This week finally sees the release of the NIH position statement on the use of dbGaP data in the cloud. We’ve been keenly aware of the need to address this issue for some time however, it’s essential that great care be taken when making changes to the processes for accessing and using sensitive, controlled-access data, such as that which resides in dbGaP (database of Genotypes and Phenotypes). For this reason it’s taken quite some time to think through all the issues and to develop our first steps towards supporting the secondary use of these data in the dynamic world of cloud computing.
The NIH Position Statement on the Use of Cloud Computing Services for the storage and analysis of controlled-access data subject to the NIH Genomic Data Sharing policy and the Model Data Use Certification have been posted on the NIH GDS Policy website.
The NIH Best Practices for Controlled-Access Data Subject to the NIH GDS Policy, which includes guidelines for cloud computing, is now available on the dbGaP website.

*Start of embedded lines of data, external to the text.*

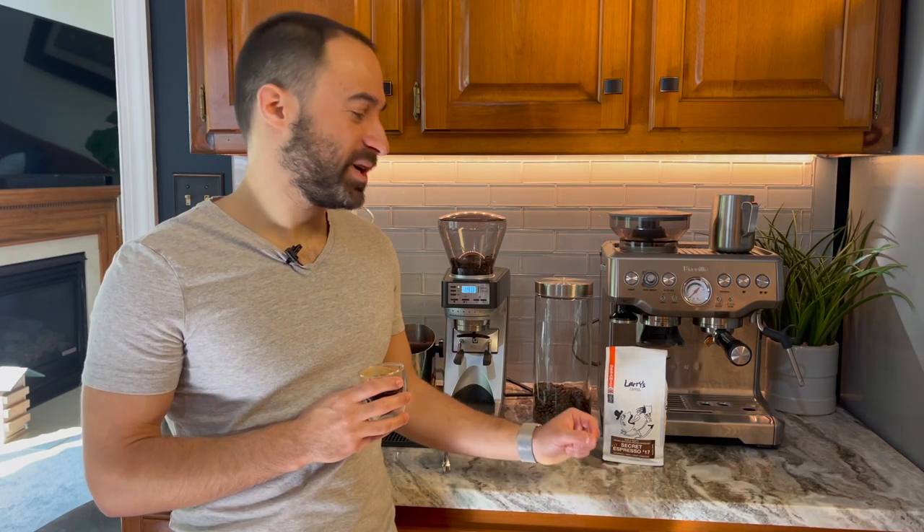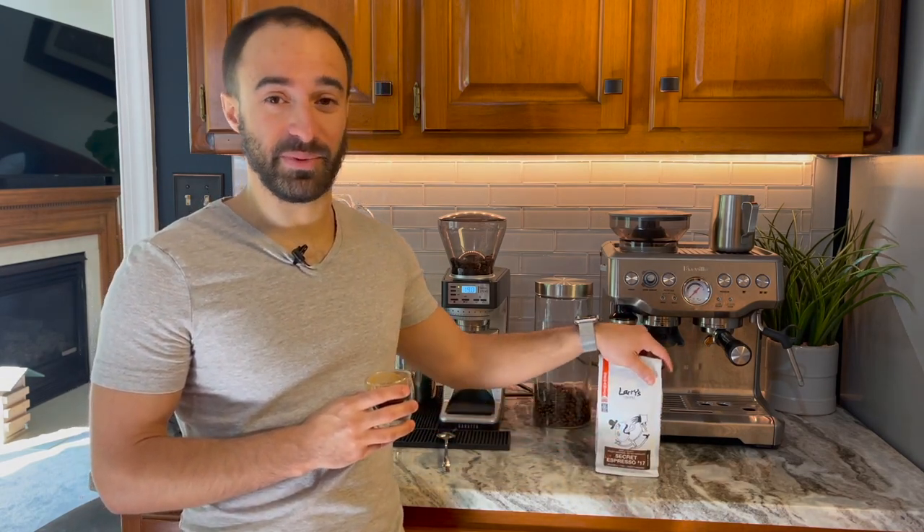Time for the first sip. Oh my goodness, it's so good — this has been one of my favorite espressos. It has a lot of sweetness right up front, not super fruity, just a lot of sweetness on the first sip. A little bit of chocolate — more like milk chocolate, not so much dark chocolate. Let me go in for a second sip.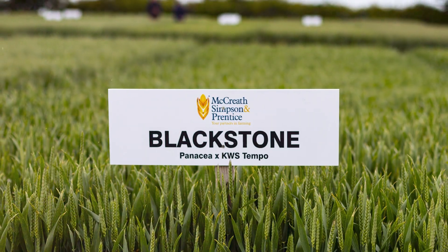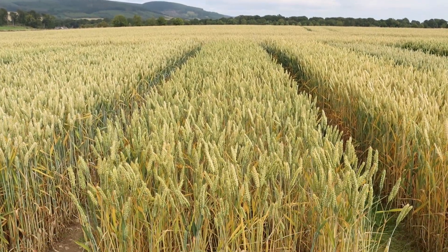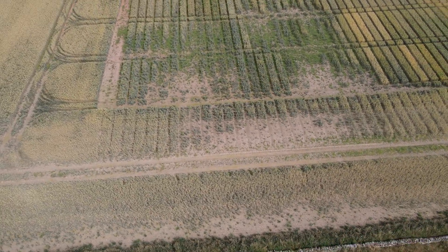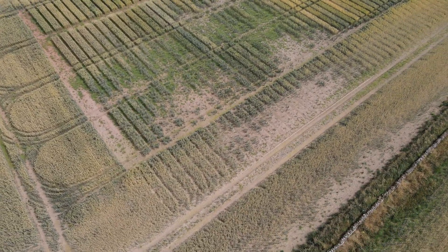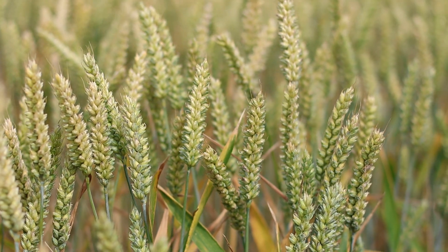The other variety that's new out this year from Elsum is Blackstone, in this plot here. What we find in this site is it was hit quite badly by flooding. It was sown at the start of the week before the monsoon season last year and it sat underwater for quite a long time before the seed actually got a chance to germinate. Half of the plots are very thin because they were underwater, and the other half of the plot is much much thicker, so that's going to be interesting when it comes to measuring the yield from this site.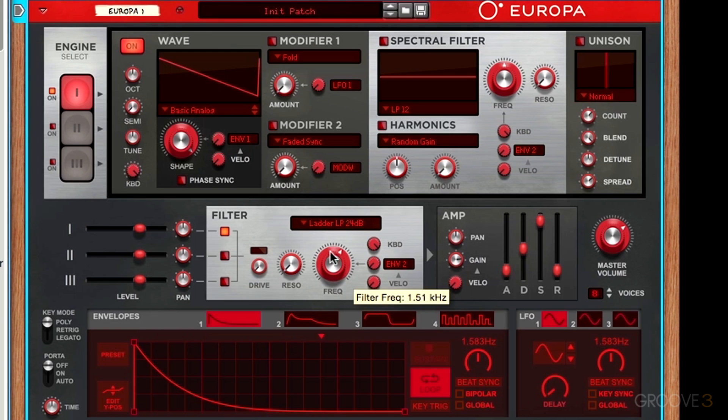The next control is the resonance knob. Resonance is a thin frequency boost at the frequency cutoff point that we have set — it's boosting a small bell curve right at this cutoff point. That would be the equivalent of, if we look at our spectral filter set to a low-pass mode and take the resonance knob all the way up, you'll see a boost happening at the frequency cutoff point. So if we move the frequency cutoff, that boost moves with it — that's the same thing happening here with the resonance.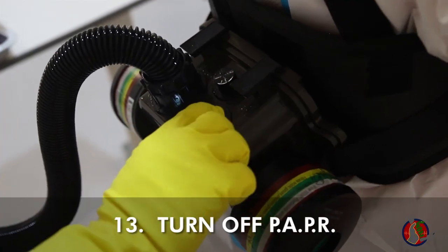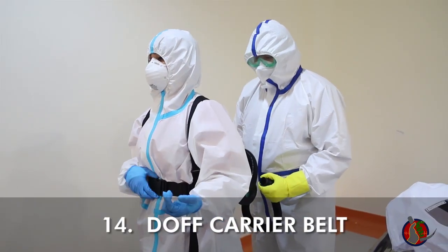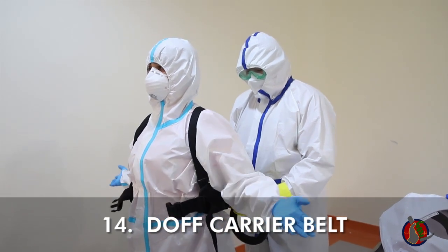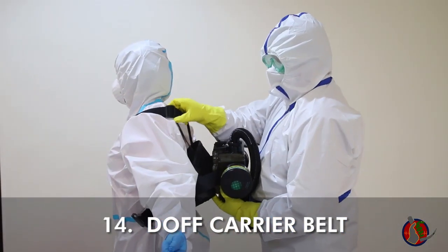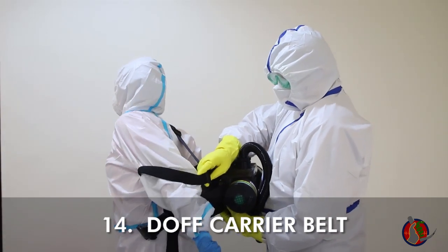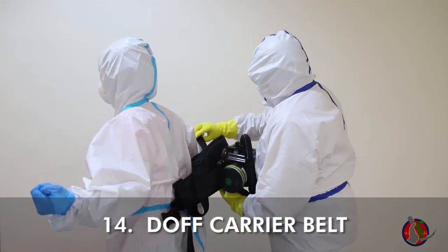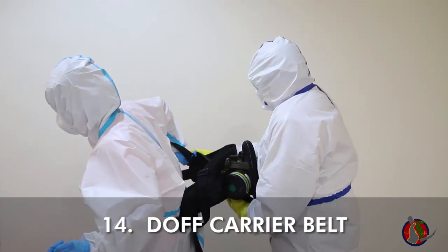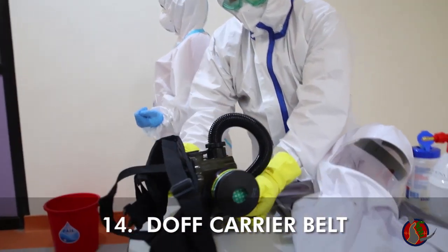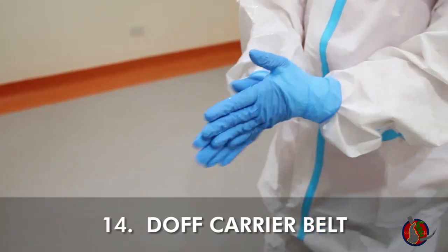Turn off the PAPR. With your buddy standing behind you and holding the PAPR body, unclasp the belt and remove the carrier away from the body. Make sure your buddy is holding on to it. Do hand hygiene.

The new guidelines will permit investigators to request to move dbGaP data associated with a specific dbGaP project to a cloud provider of their choice. dbGaP data can reside within the cloud and be utilized for analysis purposes until the completion of the project whereupon the dbGaP data must be destroyed. The investigator and their associated institution will assume the responsibility for the security of the dbGaP data, not the cloud provider. As such, NIH has tried to provide as much information as possible for PIs, institutional signing officials and the IT staff who will be supporting these projects, to make sure they understand their responsibilities. We’ve also provided additional information about cloud computing best practices with links to current best practices from common cloud providers such as Amazon Web Services (AWS) and Google, so that institutions and their staff can make the most informed decisions. We expect to see additional cloud providers added to this list and will include links to their best practices as they become available.
Biomedical big data is primarily digital, and as such has a natural partner in computing technologies for its collection, storage, management and analysis. Cloud computing has gained traction within many biomedical communities because of its ability to support vast quantities of data with a fast, scalable, on-demand and low cost approach.
We expect to see cloud computing and data science technologies continue to evolve to support biomedical big data, but we also expect to see the NIH improve its understanding of these technologies and their impact on biomedical research and the polices that surround the use of this data.
Bringing about this change has taken a long and concerted effort between NIH OSP (Office of Science Policy), NCBI and the ADDS (Assoc. Director for Data Science) office.
This is one small step for NIH, one giant leap forward for the community or maybe it’s the other way round (with apologies to Neil Armstrong).